The logic from the president’s side is clear: Mourinho knows the club, knows the league, and has handled stars and storms before. His first spell between 2010 and 2013 brought La Liga, the Copa del Rey and the Spanish Super Cup, and turned Madrid into a snarling, relentless machine in domestic competition.

But that era also left scars. None more symbolic than the fracture between Mourinho and Casillas.

The goalkeeper, then captain and already a club icon, saw his status erode under the Portuguese. Their relationship grew tense, public, and eventually unsustainable, ending with Casillas losing his starting place. For many Madridistas, that conflict became the defining image of Mourinho’s final months in Spain.

So when Casillas speaks now, his words land with the weight of history.
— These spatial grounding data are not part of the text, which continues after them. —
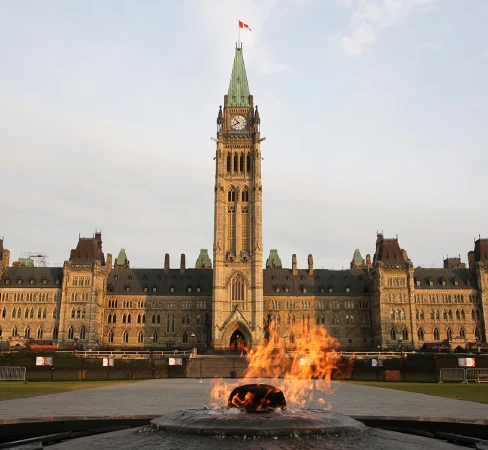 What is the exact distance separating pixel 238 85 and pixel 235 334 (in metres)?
49.2

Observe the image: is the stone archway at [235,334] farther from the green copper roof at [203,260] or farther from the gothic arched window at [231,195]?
the green copper roof at [203,260]

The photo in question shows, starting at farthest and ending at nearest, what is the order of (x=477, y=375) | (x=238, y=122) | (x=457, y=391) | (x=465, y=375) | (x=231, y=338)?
1. (x=238, y=122)
2. (x=231, y=338)
3. (x=477, y=375)
4. (x=465, y=375)
5. (x=457, y=391)

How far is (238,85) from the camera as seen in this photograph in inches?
4395

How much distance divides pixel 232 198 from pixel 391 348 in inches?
1535

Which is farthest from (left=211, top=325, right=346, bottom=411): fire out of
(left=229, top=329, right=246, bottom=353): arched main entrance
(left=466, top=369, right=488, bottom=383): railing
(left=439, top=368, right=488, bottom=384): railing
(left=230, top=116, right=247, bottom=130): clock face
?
(left=230, top=116, right=247, bottom=130): clock face

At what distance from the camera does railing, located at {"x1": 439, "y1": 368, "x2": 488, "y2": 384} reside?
42.1 metres

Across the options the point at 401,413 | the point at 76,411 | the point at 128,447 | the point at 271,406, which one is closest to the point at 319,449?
the point at 271,406

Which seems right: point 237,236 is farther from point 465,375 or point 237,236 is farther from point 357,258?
point 357,258

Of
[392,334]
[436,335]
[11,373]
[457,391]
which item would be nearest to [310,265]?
[392,334]

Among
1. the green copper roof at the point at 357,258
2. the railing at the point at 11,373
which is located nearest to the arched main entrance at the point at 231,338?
the railing at the point at 11,373

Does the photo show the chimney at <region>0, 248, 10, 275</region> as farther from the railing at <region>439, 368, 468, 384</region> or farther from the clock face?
the railing at <region>439, 368, 468, 384</region>

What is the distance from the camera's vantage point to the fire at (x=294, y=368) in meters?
24.4

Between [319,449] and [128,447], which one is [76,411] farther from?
[319,449]

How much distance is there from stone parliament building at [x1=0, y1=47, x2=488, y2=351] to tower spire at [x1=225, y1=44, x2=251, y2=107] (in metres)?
0.22
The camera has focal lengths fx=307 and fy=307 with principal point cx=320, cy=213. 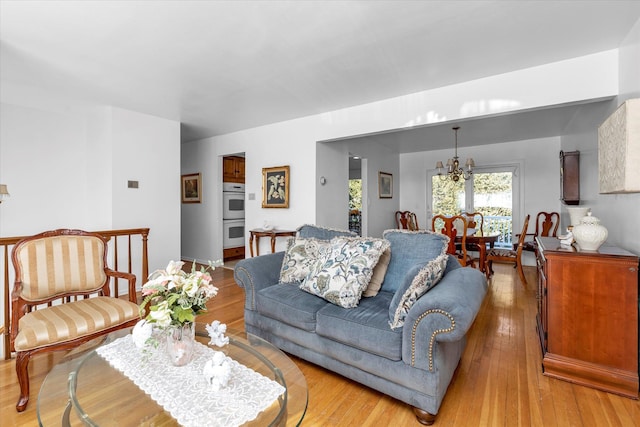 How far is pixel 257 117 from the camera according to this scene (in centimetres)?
456

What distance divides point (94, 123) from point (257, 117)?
2.26 m

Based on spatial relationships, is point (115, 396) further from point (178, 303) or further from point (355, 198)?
point (355, 198)

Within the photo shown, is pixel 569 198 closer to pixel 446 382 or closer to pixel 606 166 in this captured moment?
pixel 606 166

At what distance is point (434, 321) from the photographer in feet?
5.09

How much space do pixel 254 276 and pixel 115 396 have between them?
1.33 metres

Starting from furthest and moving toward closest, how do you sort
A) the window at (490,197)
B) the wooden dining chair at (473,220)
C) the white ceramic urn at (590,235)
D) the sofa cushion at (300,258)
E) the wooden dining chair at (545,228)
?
the window at (490,197) → the wooden dining chair at (473,220) → the wooden dining chair at (545,228) → the sofa cushion at (300,258) → the white ceramic urn at (590,235)

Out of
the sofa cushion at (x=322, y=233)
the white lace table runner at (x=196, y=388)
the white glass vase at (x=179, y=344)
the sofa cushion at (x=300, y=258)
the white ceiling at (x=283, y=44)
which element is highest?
the white ceiling at (x=283, y=44)

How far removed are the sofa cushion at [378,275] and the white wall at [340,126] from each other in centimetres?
193

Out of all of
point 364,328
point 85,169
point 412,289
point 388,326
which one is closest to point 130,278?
point 364,328

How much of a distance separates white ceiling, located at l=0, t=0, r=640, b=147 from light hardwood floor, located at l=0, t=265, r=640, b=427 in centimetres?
246

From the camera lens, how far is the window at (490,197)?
6.19 m

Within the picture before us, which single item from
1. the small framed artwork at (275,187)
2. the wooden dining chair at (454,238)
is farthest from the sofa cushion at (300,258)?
the small framed artwork at (275,187)

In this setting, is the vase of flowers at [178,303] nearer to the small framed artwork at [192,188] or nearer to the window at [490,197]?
the small framed artwork at [192,188]

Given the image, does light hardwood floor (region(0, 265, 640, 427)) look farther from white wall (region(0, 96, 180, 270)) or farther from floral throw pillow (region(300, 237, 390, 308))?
white wall (region(0, 96, 180, 270)) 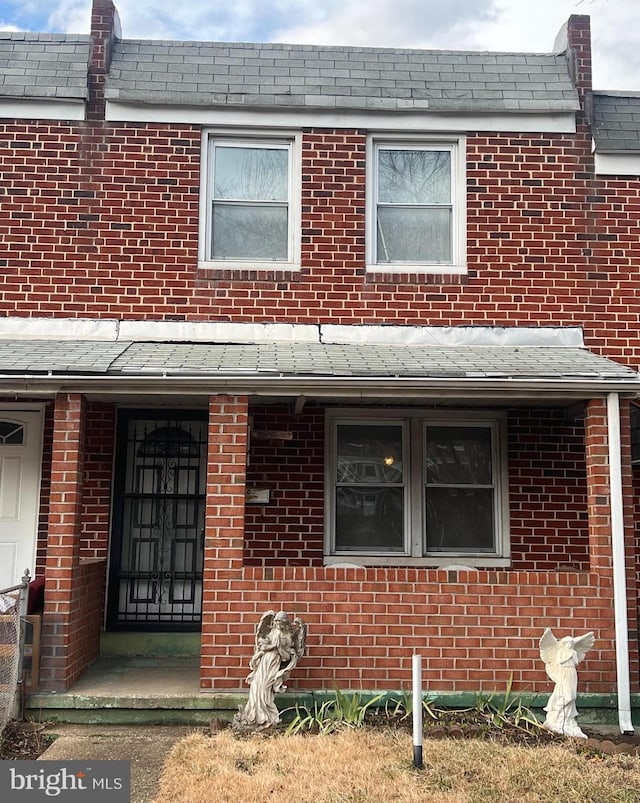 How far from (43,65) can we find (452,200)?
4645mm

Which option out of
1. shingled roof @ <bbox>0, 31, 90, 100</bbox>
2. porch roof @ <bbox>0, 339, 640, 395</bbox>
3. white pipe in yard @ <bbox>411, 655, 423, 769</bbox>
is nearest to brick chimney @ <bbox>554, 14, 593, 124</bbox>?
porch roof @ <bbox>0, 339, 640, 395</bbox>

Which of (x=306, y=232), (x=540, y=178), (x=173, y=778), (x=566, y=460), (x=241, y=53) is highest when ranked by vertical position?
(x=241, y=53)

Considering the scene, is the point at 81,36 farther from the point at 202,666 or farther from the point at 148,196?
the point at 202,666

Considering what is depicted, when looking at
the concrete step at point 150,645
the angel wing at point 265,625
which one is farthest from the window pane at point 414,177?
the concrete step at point 150,645

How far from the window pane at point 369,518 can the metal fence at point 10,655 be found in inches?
128

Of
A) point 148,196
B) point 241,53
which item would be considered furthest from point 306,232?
point 241,53

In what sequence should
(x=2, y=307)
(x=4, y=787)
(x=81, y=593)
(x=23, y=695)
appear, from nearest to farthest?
(x=4, y=787) → (x=23, y=695) → (x=81, y=593) → (x=2, y=307)

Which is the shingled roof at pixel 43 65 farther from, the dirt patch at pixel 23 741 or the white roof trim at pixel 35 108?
the dirt patch at pixel 23 741

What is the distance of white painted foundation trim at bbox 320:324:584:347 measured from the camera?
7.95m

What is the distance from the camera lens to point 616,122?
27.9 ft

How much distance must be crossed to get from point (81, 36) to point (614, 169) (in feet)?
20.1

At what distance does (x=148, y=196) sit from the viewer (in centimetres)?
810

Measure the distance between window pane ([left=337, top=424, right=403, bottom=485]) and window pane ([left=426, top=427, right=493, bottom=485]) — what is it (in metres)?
0.35

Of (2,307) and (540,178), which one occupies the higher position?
(540,178) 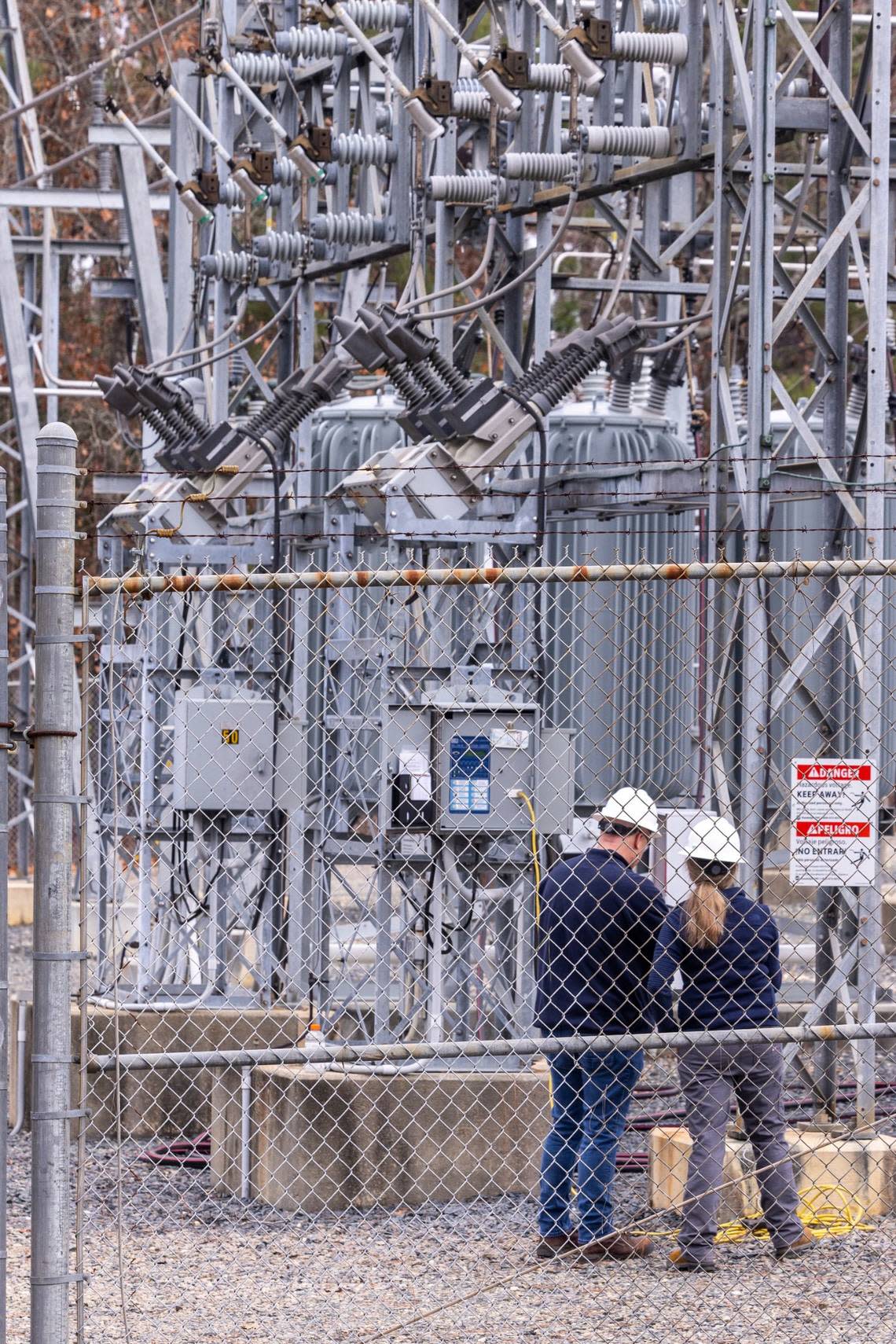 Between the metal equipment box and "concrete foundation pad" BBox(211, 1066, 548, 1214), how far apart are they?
149 centimetres

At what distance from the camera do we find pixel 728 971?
281 inches

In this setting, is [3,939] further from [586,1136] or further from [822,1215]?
[822,1215]

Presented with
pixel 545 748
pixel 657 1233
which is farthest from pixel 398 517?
pixel 657 1233

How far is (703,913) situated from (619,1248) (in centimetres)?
135

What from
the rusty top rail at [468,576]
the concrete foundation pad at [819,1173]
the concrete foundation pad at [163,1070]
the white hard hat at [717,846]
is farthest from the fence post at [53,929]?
the concrete foundation pad at [163,1070]

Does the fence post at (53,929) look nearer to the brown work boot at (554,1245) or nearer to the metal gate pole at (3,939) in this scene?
the metal gate pole at (3,939)

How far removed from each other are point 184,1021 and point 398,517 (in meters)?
2.81

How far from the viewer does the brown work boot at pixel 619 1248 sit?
24.1ft

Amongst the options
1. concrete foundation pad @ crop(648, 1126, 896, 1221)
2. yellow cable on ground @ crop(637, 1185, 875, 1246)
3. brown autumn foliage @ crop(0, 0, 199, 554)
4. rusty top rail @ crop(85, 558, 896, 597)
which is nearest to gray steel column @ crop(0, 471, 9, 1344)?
rusty top rail @ crop(85, 558, 896, 597)

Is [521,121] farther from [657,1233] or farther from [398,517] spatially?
[657,1233]

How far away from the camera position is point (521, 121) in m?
10.4

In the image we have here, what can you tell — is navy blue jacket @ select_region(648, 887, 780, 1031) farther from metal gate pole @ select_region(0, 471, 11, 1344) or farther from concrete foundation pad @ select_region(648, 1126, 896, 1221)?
metal gate pole @ select_region(0, 471, 11, 1344)

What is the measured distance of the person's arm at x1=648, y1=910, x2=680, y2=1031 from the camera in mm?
7164

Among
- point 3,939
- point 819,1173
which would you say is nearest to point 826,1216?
point 819,1173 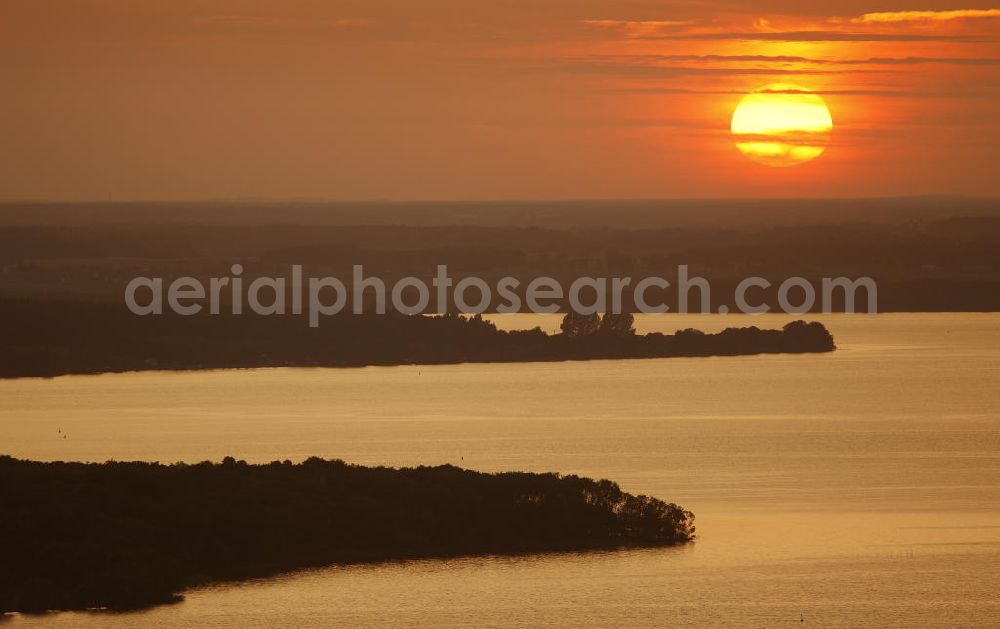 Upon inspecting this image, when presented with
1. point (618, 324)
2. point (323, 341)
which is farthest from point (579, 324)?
point (323, 341)

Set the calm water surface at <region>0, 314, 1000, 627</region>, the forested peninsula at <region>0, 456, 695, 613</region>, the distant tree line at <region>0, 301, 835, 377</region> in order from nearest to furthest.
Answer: the forested peninsula at <region>0, 456, 695, 613</region> < the calm water surface at <region>0, 314, 1000, 627</region> < the distant tree line at <region>0, 301, 835, 377</region>

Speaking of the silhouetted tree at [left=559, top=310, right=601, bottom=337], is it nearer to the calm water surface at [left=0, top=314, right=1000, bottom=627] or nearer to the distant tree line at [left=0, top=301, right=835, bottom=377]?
the distant tree line at [left=0, top=301, right=835, bottom=377]

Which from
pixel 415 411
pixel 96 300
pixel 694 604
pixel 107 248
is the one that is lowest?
pixel 694 604

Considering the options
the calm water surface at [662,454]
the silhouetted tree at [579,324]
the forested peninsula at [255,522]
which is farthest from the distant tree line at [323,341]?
the forested peninsula at [255,522]

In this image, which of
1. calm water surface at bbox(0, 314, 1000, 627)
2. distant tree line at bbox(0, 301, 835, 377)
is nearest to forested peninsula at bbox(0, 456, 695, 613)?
calm water surface at bbox(0, 314, 1000, 627)

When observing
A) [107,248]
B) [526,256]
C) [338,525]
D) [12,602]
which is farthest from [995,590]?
[107,248]

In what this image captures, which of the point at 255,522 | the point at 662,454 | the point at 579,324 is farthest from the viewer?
the point at 579,324

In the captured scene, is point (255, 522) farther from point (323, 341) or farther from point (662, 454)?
point (323, 341)

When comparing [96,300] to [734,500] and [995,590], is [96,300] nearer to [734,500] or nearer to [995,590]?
[734,500] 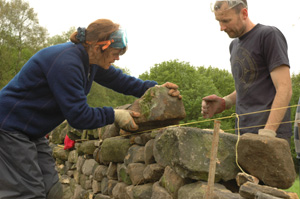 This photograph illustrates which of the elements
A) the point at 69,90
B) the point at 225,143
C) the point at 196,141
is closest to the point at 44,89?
the point at 69,90

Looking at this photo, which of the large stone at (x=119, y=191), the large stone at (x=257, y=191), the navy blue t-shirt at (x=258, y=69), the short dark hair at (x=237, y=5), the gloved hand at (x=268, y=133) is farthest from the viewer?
the large stone at (x=119, y=191)

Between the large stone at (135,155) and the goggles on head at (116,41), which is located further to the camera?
the large stone at (135,155)

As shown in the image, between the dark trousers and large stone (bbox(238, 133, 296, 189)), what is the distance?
1.57m

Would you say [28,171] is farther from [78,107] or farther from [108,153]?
[108,153]

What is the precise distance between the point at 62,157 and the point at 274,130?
517cm

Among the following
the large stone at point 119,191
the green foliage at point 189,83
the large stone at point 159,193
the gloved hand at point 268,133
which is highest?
the green foliage at point 189,83

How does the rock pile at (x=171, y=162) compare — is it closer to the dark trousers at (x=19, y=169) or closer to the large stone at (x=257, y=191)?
the large stone at (x=257, y=191)

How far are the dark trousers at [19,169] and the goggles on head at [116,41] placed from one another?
968mm

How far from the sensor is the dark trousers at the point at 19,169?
209 centimetres

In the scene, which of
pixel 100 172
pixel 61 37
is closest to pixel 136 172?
pixel 100 172

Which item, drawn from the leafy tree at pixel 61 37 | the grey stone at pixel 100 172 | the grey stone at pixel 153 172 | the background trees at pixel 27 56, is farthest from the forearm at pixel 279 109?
the leafy tree at pixel 61 37

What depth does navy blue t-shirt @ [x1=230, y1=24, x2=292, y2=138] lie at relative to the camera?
218 centimetres

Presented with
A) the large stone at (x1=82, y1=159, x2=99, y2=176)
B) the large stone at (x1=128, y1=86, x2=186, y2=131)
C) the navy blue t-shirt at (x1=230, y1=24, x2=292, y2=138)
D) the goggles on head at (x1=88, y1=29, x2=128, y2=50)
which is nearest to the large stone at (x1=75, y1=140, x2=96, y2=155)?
the large stone at (x1=82, y1=159, x2=99, y2=176)

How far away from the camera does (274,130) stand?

He insists this is not personal. The backdrop makes it impossible to ignore that personal history anyway.

A club at a crossroads

Madrid’s season without silverware has triggered the familiar cycle in the capital: scrutiny, leaks, and the pull towards a big, decisive gesture. Mourinho, with his track record and his confrontational edge, represents exactly that kind of move.

To some at the club, he is the disciplinarian who can “steady the dressing room” after a turbulent year. To others, he is a step back into an era of internal conflict, public feuds and constant volatility.

Casillas has nailed his colours to the mast. The “club of my life,” as he calls it, should look elsewhere. Different ideas. Different personality. A different kind of authority.

Real Madrid now must decide whether to chase the shock therapy of a Mourinho return or heed the voices, like Casillas’s, that warn against reopening old battles in a squad that already has enough to fix.